When the rest of Europe closed their doors, locked down, and donned protective masks, Sweden just… didn’t.
Restaurants continued operating at full capacity, nightclubs bustled, schools remained open. Officials even advised against the widespread wearing of masks. The only health precautions taken were slight restrictions to encourage social distancing. Crowds of up to 50 were still allowed to gather, a stark contrast against the measures taken across the rest of the continent.
In a politically ironic twist, the “Swedish Model” became celebrated by American conservatives appalled by the economic effects of shutting down various institutions and businesses to prevent virus spread. In May, President Trump even expressed a desire to “follow Sweden,” citing their strategies as a role model for best health practices. Before the pandemic, the president had a track record of loving to hate Sweden, often mentioning their Democratic socialist policies in his speeches as the antithesis of his vision for America.
Both critics and fans of Sweden’s pandemic policies have watched expectantly to see whether this Swedish Experiment has had any success.
The Swedish Experiment: Predictions and Results
The idea behind the experiment was that the extra exposure during the first wave of the pandemic would protect Swedes when the second wave hit. A cultural desire for individual independence reinforced this laissez-faire strategy.
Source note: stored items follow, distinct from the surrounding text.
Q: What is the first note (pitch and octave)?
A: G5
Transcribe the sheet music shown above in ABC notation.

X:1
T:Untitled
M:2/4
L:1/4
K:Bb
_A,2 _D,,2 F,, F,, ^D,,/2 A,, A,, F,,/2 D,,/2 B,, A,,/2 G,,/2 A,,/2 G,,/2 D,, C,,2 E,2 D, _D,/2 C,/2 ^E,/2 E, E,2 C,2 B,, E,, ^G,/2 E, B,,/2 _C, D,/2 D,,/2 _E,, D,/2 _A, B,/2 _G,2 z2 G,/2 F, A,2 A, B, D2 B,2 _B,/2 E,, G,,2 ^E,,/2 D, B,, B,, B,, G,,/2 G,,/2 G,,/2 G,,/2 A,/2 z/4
Sweden’s Chief Epidemiologist Anders Tegnell predicted that Sweden’s approach would be just as effective as the lockdowns in neighboring countries, but that allowing a gradual spread of Covid-19 would give Swedes an edge in immunity. If true, this prediction would have meant that Sweden would have done better in a second round of the virus than would Finland and Norway, neighboring Nordic countries that both dodged the first wave of the pandemic.
However, with the world watching, Sweden’s prediction failed to come to pass.
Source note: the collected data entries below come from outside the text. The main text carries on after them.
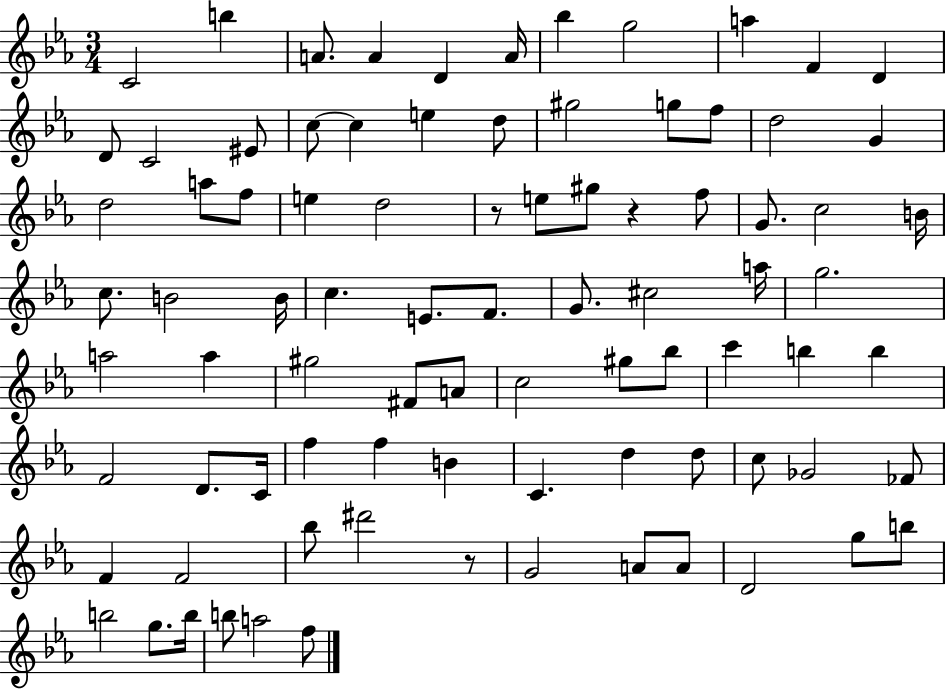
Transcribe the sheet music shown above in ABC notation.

X:1
T:Untitled
M:3/4
L:1/4
K:Eb
C2 b A/2 A D A/4 _b g2 a F D D/2 C2 ^E/2 c/2 c e d/2 ^g2 g/2 f/2 d2 G d2 a/2 f/2 e d2 z/2 e/2 ^g/2 z f/2 G/2 c2 B/4 c/2 B2 B/4 c E/2 F/2 G/2 ^c2 a/4 g2 a2 a ^g2 ^F/2 A/2 c2 ^g/2 _b/2 c' b b F2 D/2 C/4 f f B C d d/2 c/2 _G2 _F/2 F F2 _b/2 ^d'2 z/2 G2 A/2 A/2 D2 g/2 b/2 b2 g/2 b/4 b/2 a2 f/2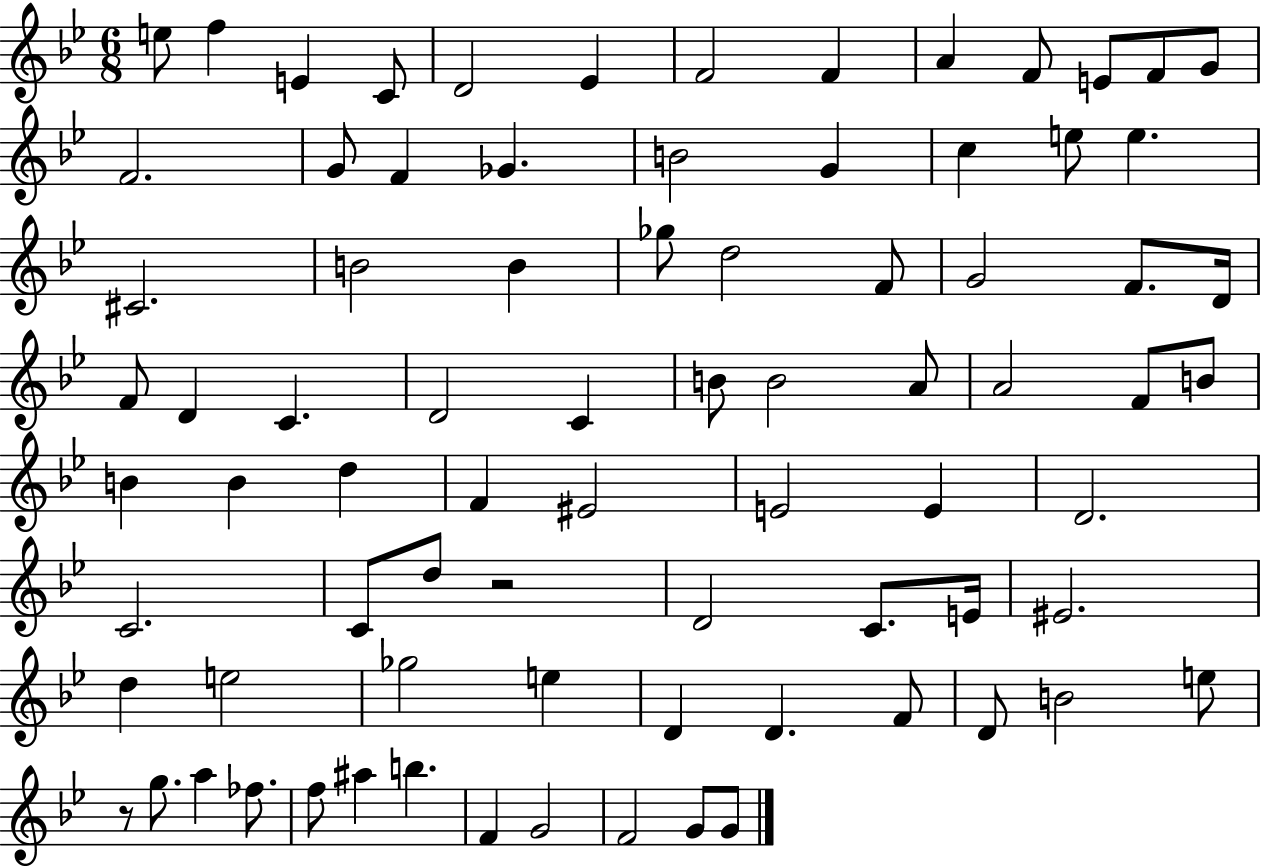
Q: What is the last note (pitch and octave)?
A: G4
The second wave in full swing, 1 in 5 people in Sweden’s capital, Stockholm, are testing positive for the coronavirus. Meanwhile, neighboring Finland has seen only a small rise in cases. It seems the predictions made about the Swedish Experiment lacked merit, with a large portion of the country’s population now paying the price.
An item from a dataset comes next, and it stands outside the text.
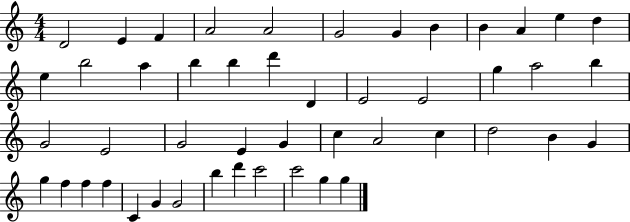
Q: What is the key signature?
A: C major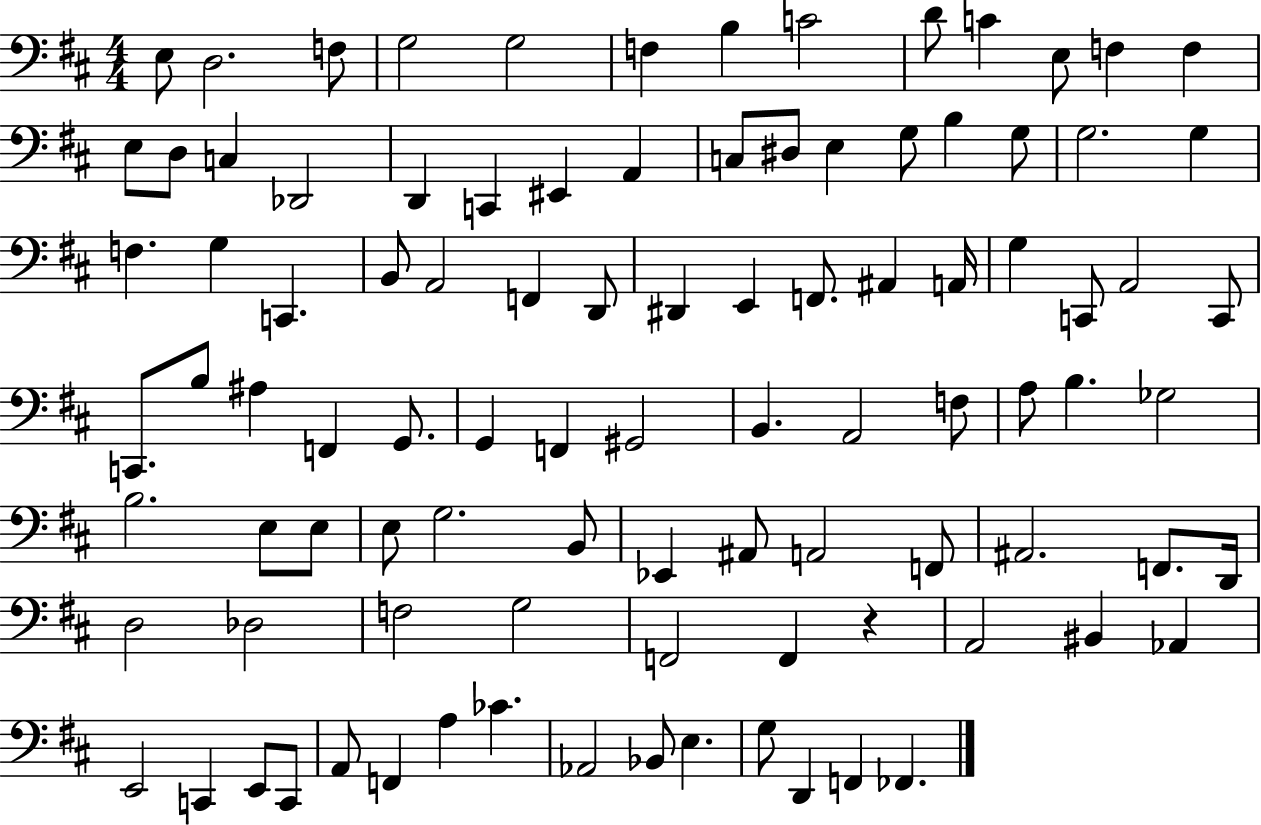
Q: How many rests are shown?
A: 1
Hospitals are admitting patients in Sweden faster than in any other country in Europe. The rapid spread of the virus has decimated their nursing homes and deaths in Sweden are more than four times higher than the combined deaths in all neighboring Nordic countries.
Not even the economy benefitted from this lack of regulation – Sweden has done worse economically than neighboring countries, with an 8.6% drop in GDP.
Despite the numbers, Tegnell remains steadfast in his determination to continue with the plan he set into motion so many months ago.
He told Reuters on Friday, “We will keep on this path. This is how we work in Sweden. We have a big understanding for this and a huge adherence to the rules.”
Since late October, the country has had strict measures in place to prohibit socialization between households, but these guidelines are voluntary.
Even more confusing, the government is telling its citizens to refrain from going to restaurants, nightclubs, salons, and shops, yet these businesses have been allowed to remain open despite the contradictory guidelines.
Bewildered by the mixed messages sent by the government, citizens are blaming the country’s leaders for the stark rises in cases.
“It’s complicated,” said café owner Gudrun Richter. “They tell people not to go out and eat, but restaurants are allowed to stay open; they tell people not to go shopping, but the malls are still open as normal.”
“If we are a threat to health,” said Johan Muren, a restaurant owner in Stockholm, “I think we should be closed down.”
Tegnell’s list of measures to prevent the spread of the virus has become more extensive, but they are only recommendations, with an emphasis on individual responsibility. Despite the voluntary nature of his guidelines, Tegnell laments that too many are not following his advice.
Now, Sweden is tightening restrictions. Bars and restaurants are now required to close at 10:30pm, and people may no longer gather in crowds of more than eight people.
Still, some are saying this is not enough – that the government should have been more decisive from the start, and that going forward the country needs tougher regulation.
Leader of the Swedish Moderate Party, Ulf Kristersson, has demanded that Prime Minister Löfven mandate nationwide mask-wearing in public spaces.
An opinion piece in Debatt reflects the advice of 26 researchers and doctors for rules that should be bolstered in order to mitigate the growing crisis in the country. Among these suggested rules, a requirement for those living with someone who has tested positive for Covid-19 to quarantine longer than seven days, and for this guidance to extend to children.
On the other side of the spectrum, there are those who revere the government’s pandemic policies, who don’t want anything to change. One man even sports a tattoo of Tegnell on his bicep, proudly stating his admiration for the government official: “He has been our … national hero in this crisis.”
Anders Eidsvik remains grateful for the freedom his country has retained throughout the pandemic, despite being an elderly patient sick with Covid-19.
He says, “It shouldn’t be too easy to close down the society, I believe.”